Under this line are the records; repeat exactly the lines starting at the one containing "Sterling silver teardrop" and ending at the one containing "Tempering Coffee In", omitting pictures.

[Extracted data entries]

+++

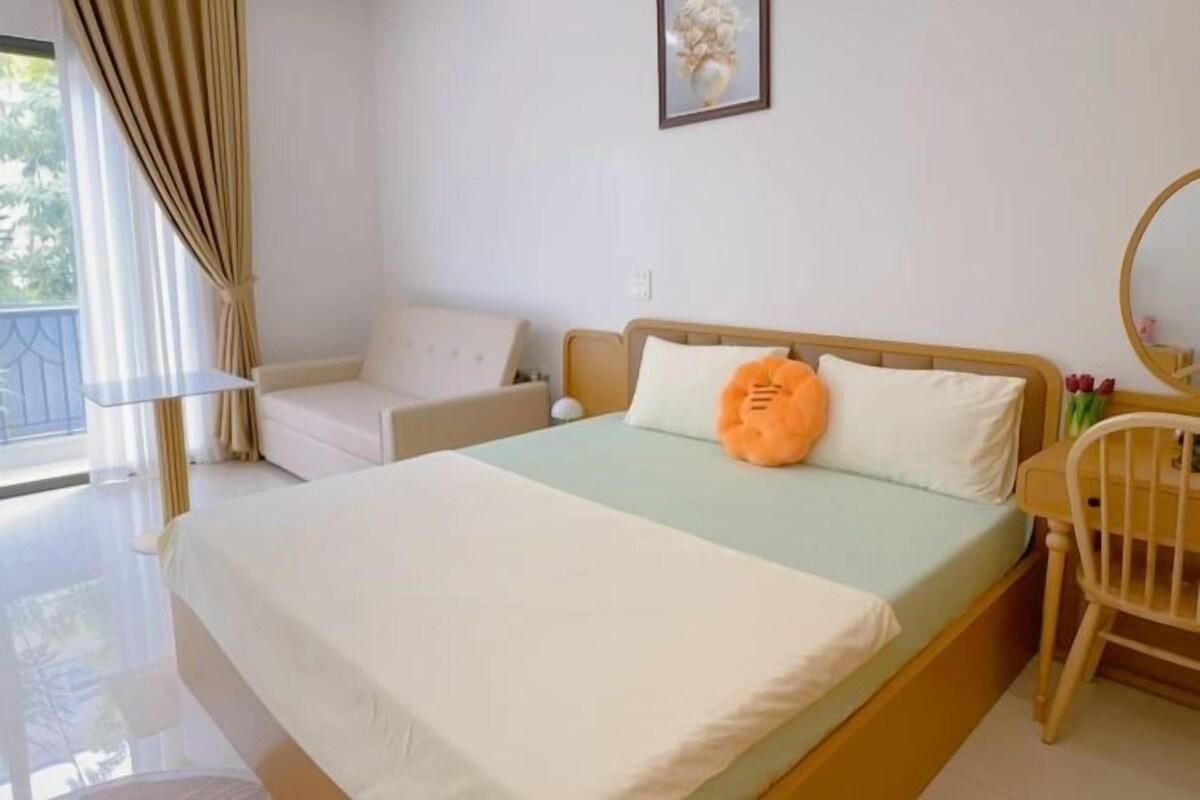 Une chambre à coucher avec un lit, une chaise, une table et une fenêtre avec des rideaux.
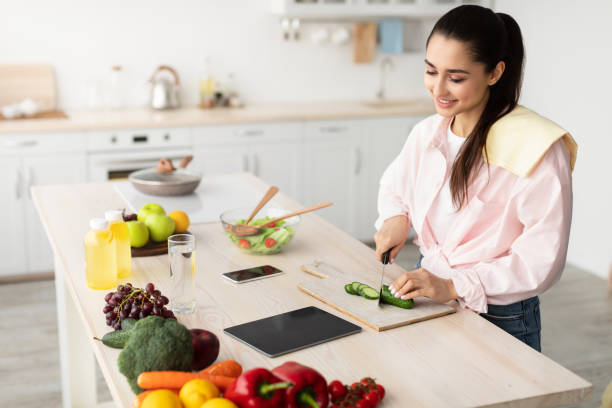 istock Woman cooking salad and using tablet and kitchen 1316572629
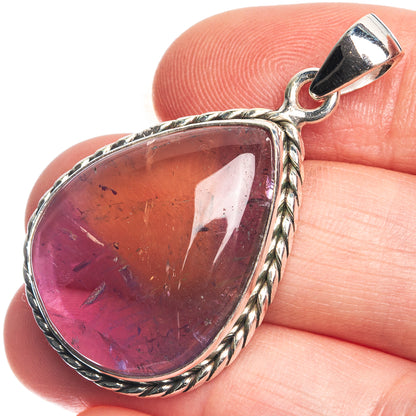 Sterling silver teardrop pendant with deep purple gemstone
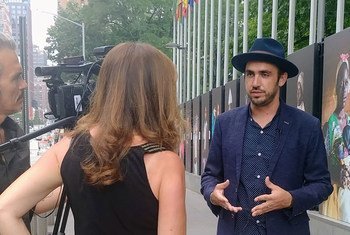UN News interviews OCHA photographer Vincent Tremeau at the opening of the exhibition One Day, I Will.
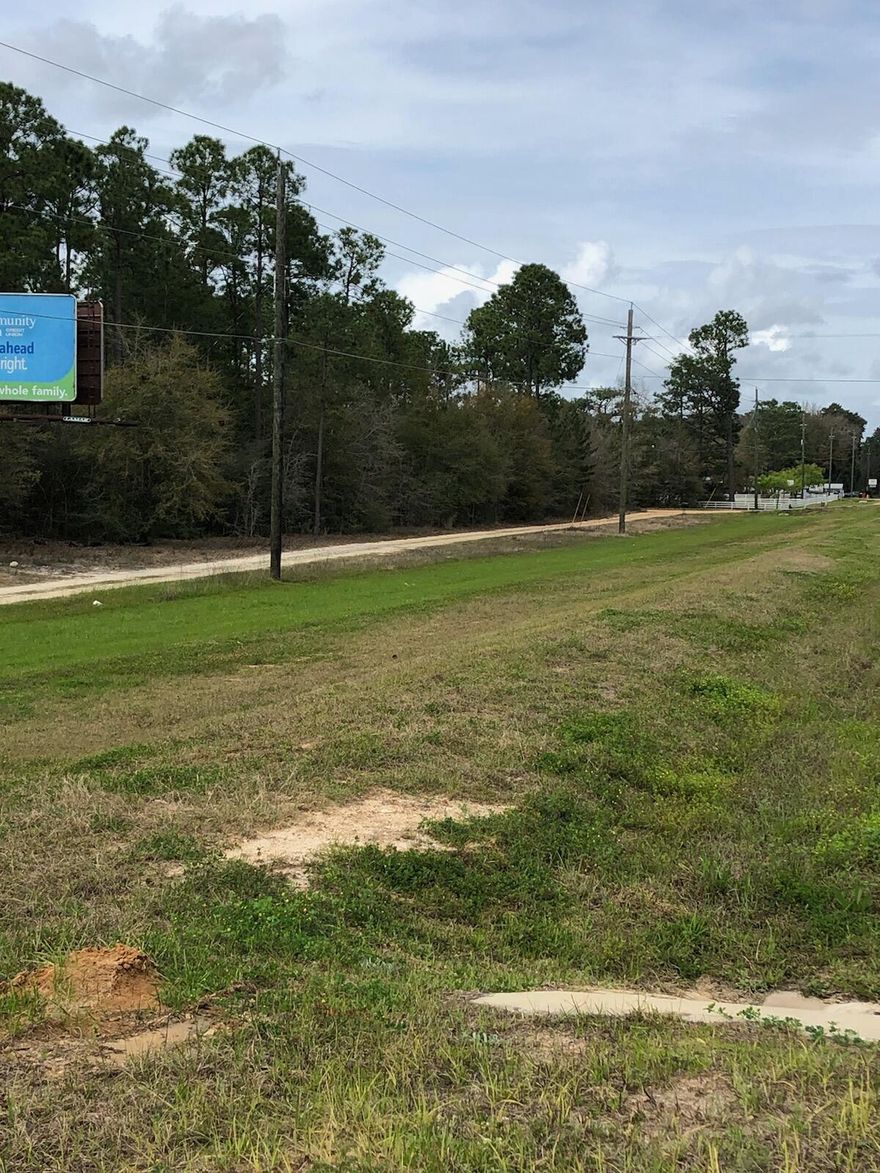 This is a PRIME LOCATION on HWY 331 S, being situated just South of the NEW Industrial Park and in a growing area. It is zoned Commercial with Residential Use as sellers now live on the property.  Partially wooded.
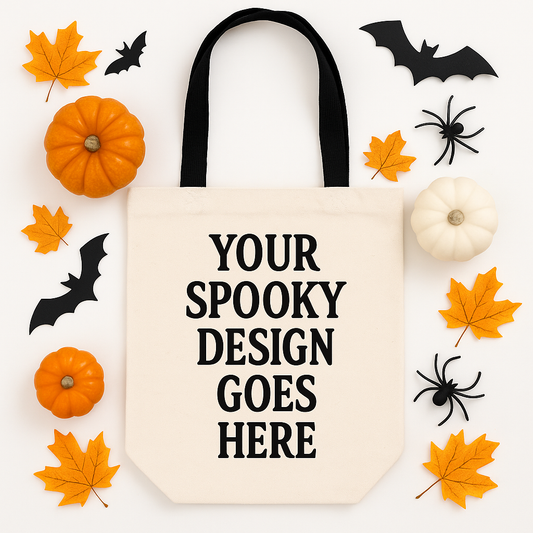 Blank tote bag with 'Your Spooky Design Goes Here' text, surrounded by Halloween decorations on a white background.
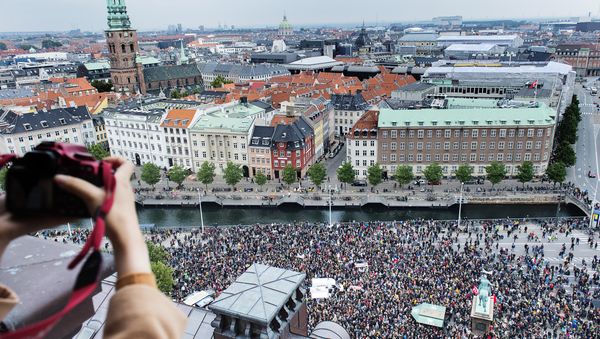 A photographer takes a photo of some 30,000 people who joined a rally in Copenhagen on September 12, 2015 in favour of taking in thousands of refugees seeking shelter in Europe, police said - Sputnik International
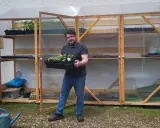 Un homme souriant tient un plateau de jeunes plants devant sa serre pour semis fait maison, remplie d'étagères de semis.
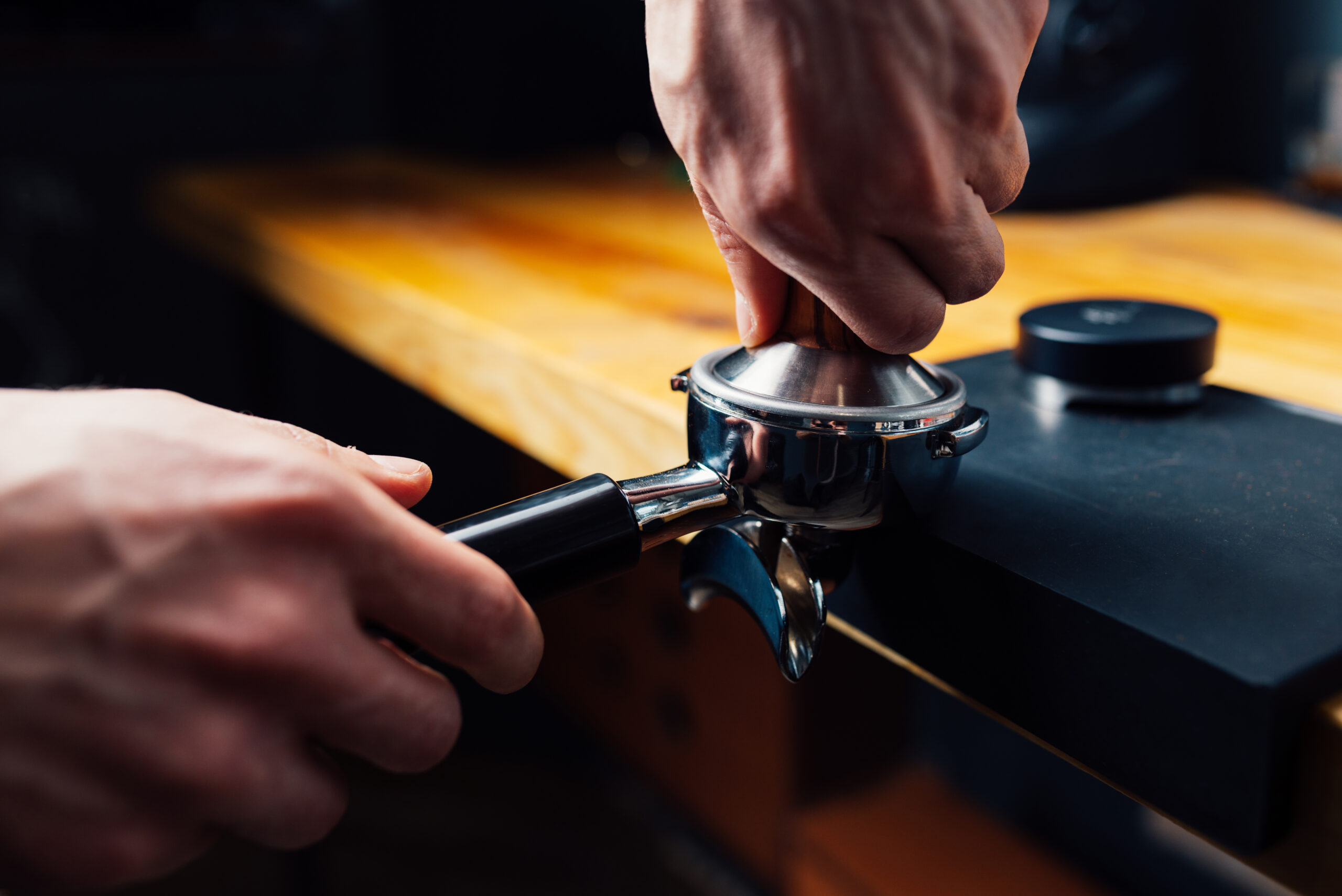 Tempering Coffee In Portafilter On A Dark Background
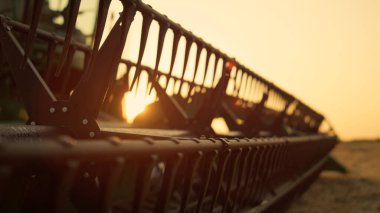Harman makinesini yaz mevsiminde Golden Sunset 'e yakın çekimde birleştirin. Harman makarası kırsal alandaki sarı arazide bulundu. Agronomik araç gökyüzü buğday arpası düştü. Yedek parça çayırı.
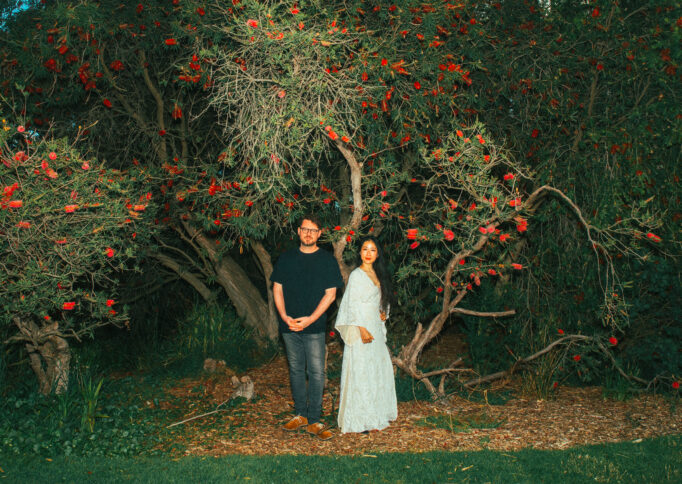 Flash photograph taken at night of composers Mindy Meng Wang and Tim Shiel stand posed against a red wattle tree.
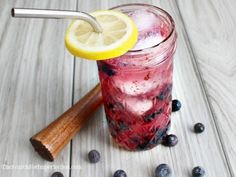 a drink with blueberries and lemon on the side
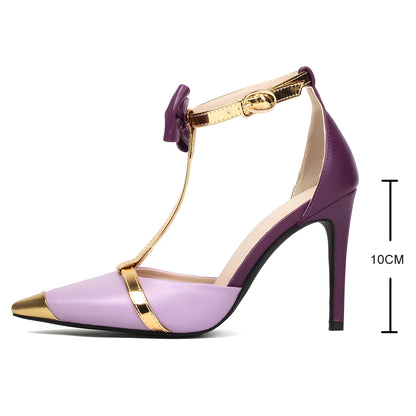 Gisele Bow-Strap Stilettos in lavender vegan leather, featuring a pointy-toe design, gold accents, and a 10cm high heel.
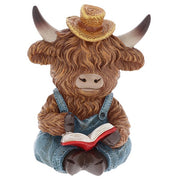 Highland cow reading figurine sitting upright in denim dungarees and straw hat, reading a red-covered book, shaggy fur and curved horns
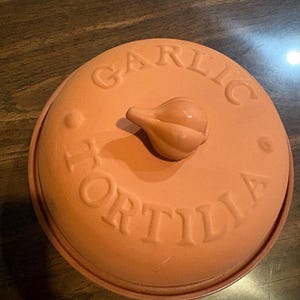 May include: A round, terracotta-colored ceramic container with a lid. The lid features the embossed text GARLIC and TORTILLA, arranged in a circular pattern, and is topped with a small, sculpted handle shaped like a single bulb of garlic.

+++

| Reply |
 Sterling silver teardrop pendant with deep purple gemstone
UN News interviews OCHA photographer Vincent Tremeau at the opening of the exhibition One Day, I Will.
 This is a PRIME LOCATION on HWY 331 S, being situated just South of the NEW Industrial Park and in a growing area. It is zoned Commercial with Residential Use as sellers now live on the property.  Partially wooded.
 Blank tote bag with 'Your Spooky Design Goes Here' text, surrounded by Halloween decorations on a white background.
 A photographer takes a photo of some 30,000 people who joined a rally in Copenhagen on September 12, 2015 in favour of taking in thousands of refugees seeking shelter in Europe, police said - Sputnik International
 Un homme souriant tient un plateau de jeunes plants devant sa serre pour semis fait maison, remplie d'étagères de semis.
 Tempering Coffee In Portafilter On A Dark Background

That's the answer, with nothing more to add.